- WHAT TO DO
Print only the lines below from the one with "8 Casey Street, Mareeba QLD 4880" to the one with "백경현 경기 구리시장 (구리=연합뉴스)", both included, exactly as they stand. Leave pictures out.

- PROVIDED DATA
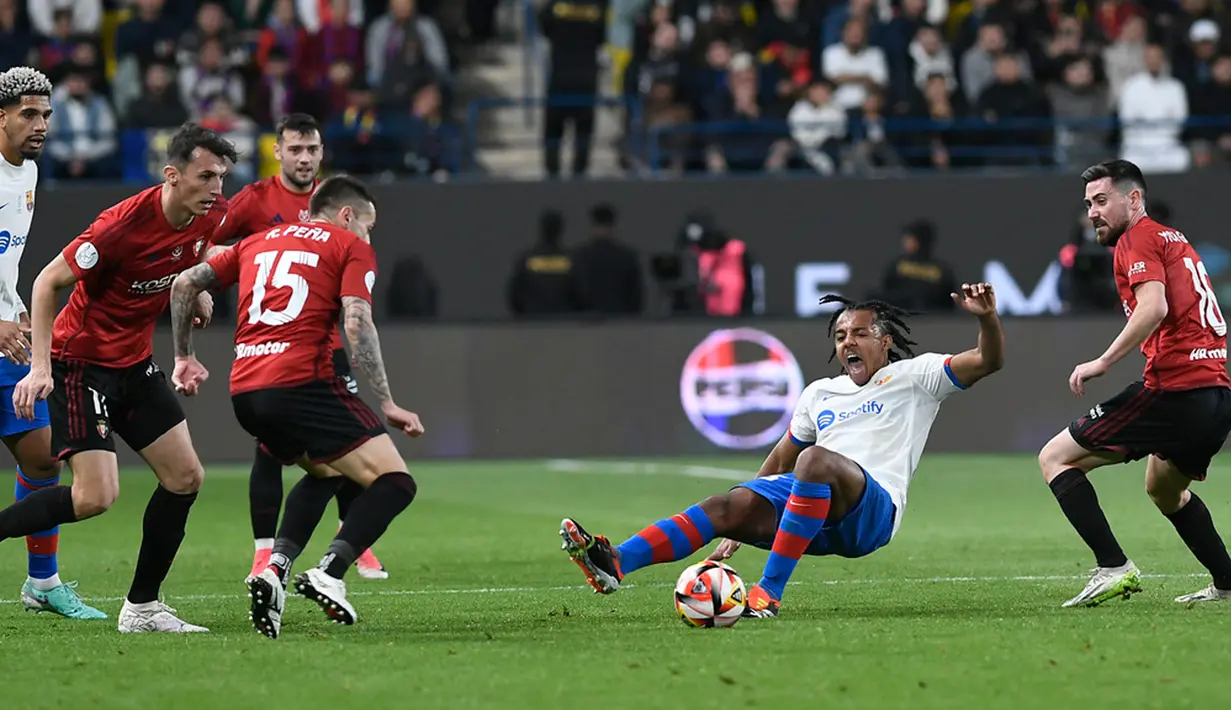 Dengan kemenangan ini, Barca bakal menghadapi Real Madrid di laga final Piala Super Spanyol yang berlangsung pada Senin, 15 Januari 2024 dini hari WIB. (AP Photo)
---
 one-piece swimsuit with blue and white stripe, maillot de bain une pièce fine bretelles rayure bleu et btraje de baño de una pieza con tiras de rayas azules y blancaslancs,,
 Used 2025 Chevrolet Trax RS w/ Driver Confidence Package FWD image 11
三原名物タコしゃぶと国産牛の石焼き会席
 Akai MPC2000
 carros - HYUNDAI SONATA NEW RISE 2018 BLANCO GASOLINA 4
==
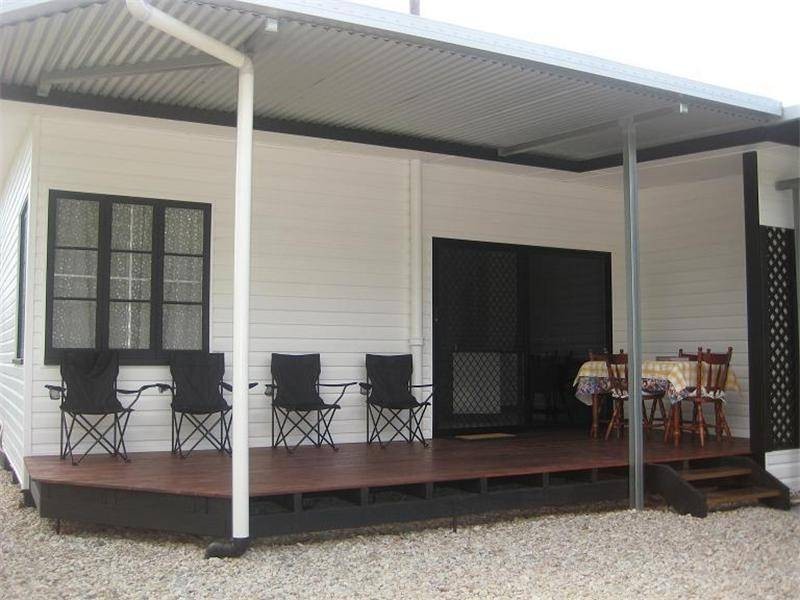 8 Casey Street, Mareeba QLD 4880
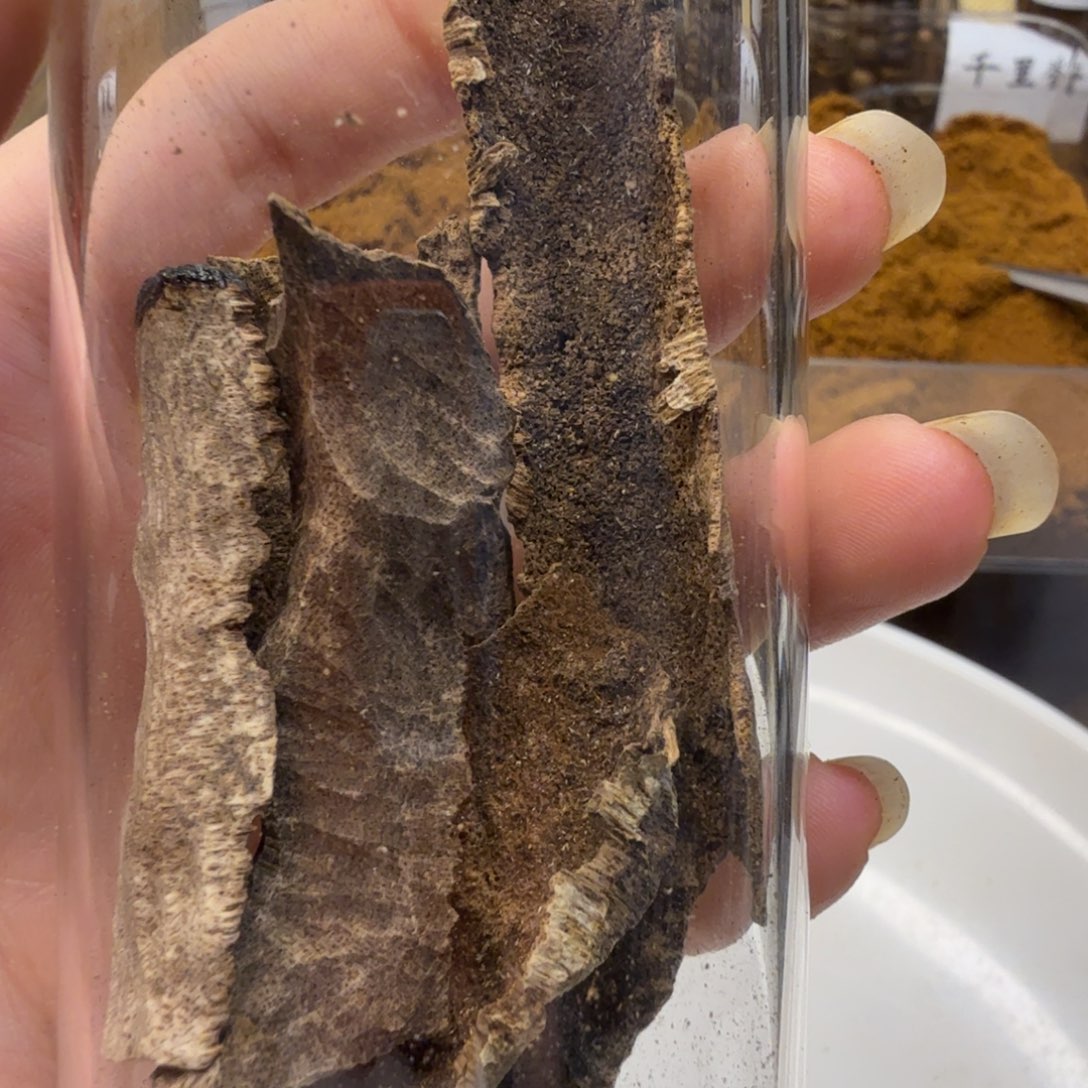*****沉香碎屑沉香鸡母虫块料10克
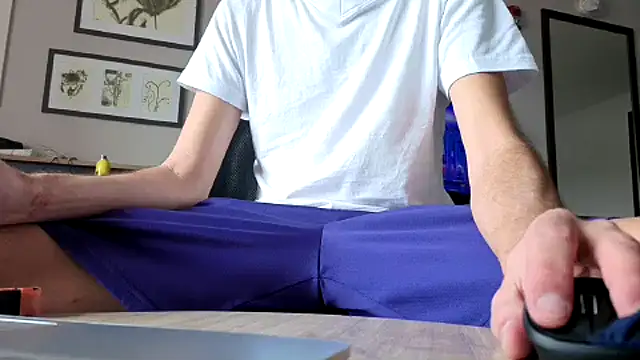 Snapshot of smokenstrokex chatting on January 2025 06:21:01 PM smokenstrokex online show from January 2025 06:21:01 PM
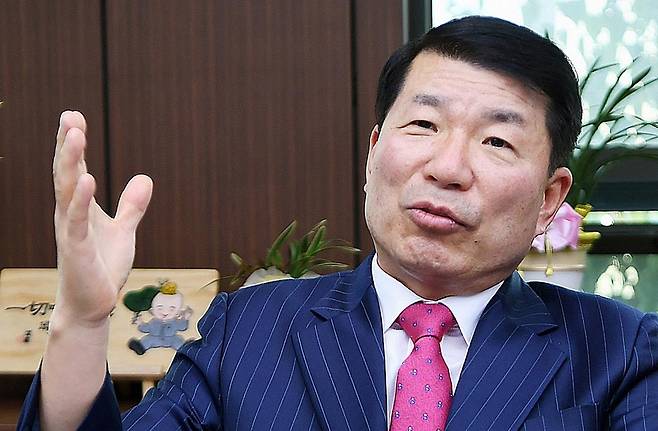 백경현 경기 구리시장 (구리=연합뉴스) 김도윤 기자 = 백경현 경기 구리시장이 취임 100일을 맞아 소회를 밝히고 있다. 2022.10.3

- ANSWER TO THE PROBLEM
 8 Casey Street, Mareeba QLD 4880
*****沉香碎屑沉香鸡母虫块料10克
 Snapshot of smokenstrokex chatting on January 2025 06:21:01 PM smokenstrokex online show from January 2025 06:21:01 PM
 백경현 경기 구리시장 (구리=연합뉴스) 김도윤 기자 = 백경현 경기 구리시장이 취임 100일을 맞아 소회를 밝히고 있다. 2022.10.3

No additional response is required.